The next day she comes home to find her husband in bed with a beautiful redhead. She grabs the gun and holds it to her head. The husband jumps out of bed, begging and pleading with her not to shoot herself. The hysterical blonde tells her husband: "Shut up... you're next!"
What is the difference between a snow woman and a snowman?
Snowballs.
What do girls and noodles have in common?
They both wiggle when you eat them.
Why do we not have female magicians? Because last time we had them, we burned them alive.
What do you call someone who hates rape jokes? An ugly feminist that couldn't get a cock in her mouth.
How do you get a dishwasher to shovel snow? Give the bitch a shovel.
So, you're into pronouns? Let me she/them titties.
Teach a man to fish and he will eat for a lifetime.

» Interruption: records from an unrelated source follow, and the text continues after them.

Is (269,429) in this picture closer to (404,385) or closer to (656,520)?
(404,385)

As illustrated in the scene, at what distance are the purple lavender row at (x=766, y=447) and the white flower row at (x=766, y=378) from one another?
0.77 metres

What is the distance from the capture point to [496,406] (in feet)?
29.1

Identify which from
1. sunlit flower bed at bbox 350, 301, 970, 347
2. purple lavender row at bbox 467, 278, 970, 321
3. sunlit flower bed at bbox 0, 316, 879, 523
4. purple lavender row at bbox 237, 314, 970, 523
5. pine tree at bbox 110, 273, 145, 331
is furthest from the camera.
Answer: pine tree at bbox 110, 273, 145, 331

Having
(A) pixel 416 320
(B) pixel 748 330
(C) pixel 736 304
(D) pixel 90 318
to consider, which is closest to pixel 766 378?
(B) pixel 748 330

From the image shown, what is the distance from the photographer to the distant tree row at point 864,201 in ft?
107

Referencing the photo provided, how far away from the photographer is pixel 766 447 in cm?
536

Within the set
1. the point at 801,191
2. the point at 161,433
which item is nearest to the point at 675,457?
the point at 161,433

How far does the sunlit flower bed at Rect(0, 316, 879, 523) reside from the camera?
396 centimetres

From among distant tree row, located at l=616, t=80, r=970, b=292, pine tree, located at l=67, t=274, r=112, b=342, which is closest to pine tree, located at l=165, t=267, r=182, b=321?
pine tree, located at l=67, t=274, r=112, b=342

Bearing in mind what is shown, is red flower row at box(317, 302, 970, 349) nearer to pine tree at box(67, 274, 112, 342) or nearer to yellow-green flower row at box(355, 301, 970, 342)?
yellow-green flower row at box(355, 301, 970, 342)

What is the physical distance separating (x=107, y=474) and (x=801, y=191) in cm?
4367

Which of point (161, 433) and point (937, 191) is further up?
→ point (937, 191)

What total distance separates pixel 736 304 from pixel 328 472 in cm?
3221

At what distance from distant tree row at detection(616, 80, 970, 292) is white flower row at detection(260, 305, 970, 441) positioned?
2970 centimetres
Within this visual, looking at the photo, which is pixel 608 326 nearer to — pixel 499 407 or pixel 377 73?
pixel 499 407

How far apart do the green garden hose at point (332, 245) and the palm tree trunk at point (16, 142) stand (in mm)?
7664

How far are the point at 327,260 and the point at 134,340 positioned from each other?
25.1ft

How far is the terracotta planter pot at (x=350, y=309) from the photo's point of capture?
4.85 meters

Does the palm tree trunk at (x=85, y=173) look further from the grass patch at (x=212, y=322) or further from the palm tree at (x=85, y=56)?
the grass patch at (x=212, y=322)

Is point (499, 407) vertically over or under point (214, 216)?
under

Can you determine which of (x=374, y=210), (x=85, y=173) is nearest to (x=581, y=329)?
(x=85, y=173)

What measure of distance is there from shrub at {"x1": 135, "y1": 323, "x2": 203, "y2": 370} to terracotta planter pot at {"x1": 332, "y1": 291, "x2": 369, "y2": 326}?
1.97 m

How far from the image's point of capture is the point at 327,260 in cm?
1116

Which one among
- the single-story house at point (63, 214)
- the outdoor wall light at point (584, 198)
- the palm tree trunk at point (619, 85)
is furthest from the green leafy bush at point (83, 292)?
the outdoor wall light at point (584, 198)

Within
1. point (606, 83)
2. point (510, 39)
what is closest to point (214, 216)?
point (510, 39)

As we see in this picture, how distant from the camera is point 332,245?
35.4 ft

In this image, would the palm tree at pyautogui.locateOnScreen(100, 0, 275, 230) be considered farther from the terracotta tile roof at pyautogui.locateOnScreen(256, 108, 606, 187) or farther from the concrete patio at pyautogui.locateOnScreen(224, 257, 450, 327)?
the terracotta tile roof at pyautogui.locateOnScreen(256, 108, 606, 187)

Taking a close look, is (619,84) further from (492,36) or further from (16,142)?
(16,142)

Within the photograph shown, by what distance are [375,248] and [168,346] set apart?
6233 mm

Teach a feminist to fish and she will accuse you of patronising her, claim she knew how to do it anyway, and that even if she didn’t, she could easily work it out without the help of a man.

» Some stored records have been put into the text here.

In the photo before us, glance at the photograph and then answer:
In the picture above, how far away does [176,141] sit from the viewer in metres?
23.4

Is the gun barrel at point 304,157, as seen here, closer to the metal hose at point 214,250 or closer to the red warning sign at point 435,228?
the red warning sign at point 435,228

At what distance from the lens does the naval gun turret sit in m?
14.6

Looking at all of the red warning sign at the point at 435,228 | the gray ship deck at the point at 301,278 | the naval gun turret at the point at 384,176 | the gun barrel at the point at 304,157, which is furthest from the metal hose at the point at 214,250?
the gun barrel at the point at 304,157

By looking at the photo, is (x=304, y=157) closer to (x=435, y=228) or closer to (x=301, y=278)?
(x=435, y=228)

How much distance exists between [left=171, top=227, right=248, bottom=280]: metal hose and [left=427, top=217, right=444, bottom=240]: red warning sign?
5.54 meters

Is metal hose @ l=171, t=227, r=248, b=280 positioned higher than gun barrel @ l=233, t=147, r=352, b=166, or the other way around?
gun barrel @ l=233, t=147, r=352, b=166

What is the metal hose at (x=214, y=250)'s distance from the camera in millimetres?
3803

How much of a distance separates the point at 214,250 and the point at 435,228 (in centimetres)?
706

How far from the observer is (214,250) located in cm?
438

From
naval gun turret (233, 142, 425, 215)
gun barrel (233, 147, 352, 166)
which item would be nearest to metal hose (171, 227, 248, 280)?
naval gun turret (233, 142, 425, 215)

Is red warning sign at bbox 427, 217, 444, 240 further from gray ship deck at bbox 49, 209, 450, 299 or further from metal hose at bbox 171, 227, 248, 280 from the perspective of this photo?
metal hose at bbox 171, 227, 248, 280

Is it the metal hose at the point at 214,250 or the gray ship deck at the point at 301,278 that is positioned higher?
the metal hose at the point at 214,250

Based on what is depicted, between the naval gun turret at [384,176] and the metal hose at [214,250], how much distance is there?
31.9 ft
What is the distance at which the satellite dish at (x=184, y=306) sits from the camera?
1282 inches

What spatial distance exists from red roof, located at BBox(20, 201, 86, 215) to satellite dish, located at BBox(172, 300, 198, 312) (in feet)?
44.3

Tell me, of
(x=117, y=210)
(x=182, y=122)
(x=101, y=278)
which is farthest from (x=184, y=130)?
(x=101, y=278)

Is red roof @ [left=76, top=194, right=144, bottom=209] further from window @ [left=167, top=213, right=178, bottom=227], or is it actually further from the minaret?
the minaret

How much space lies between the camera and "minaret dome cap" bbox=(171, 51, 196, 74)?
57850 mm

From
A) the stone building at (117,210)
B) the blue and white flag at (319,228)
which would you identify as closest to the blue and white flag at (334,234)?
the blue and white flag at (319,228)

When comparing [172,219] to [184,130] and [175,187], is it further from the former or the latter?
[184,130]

Women are like iPhones, you have to touch them all over before they respond. Men are like Blackberrys, rub one ball and everything moves!
How are Kentucky Fried Chicken and a woman the same?
Once you take away the legs and the breasts, you’re left with one greasy box to put your bone in.
Why do trans women make the best golf course grounds staff?
They’re enthusiastic about getting rid of unwanted balls.
Why does OSHA require women to wear panties?
Because every manhole needs a cover.
Feminists are a joke.
A man is lying on the beach, wearing nothing but a cap over his crotch. A woman passing by remarks, "If you were any sort of a gentleman, you would lift your hat to a lady." He replies, "If you were any sort of a sexy lady, the hat would lift by itself."
What’s the difference between a woman with PMS and a terrorist?
You can negotiate with a terrorist.
How many feminists does it take to screw in a light bulb?
None. They just hold it in the socket and expect the world to revolve around them.
Guy: Do you know how to draw women's rights?
Girl: No, how?
Guy: All you need is a blank paper, and that's it.
Did you hear about the boy who got raped by a group of women in the park whilst jogging? Now there are lots of male joggers in the area.
I got kicked out of a library because I put a book about women's rights into the fantasy section.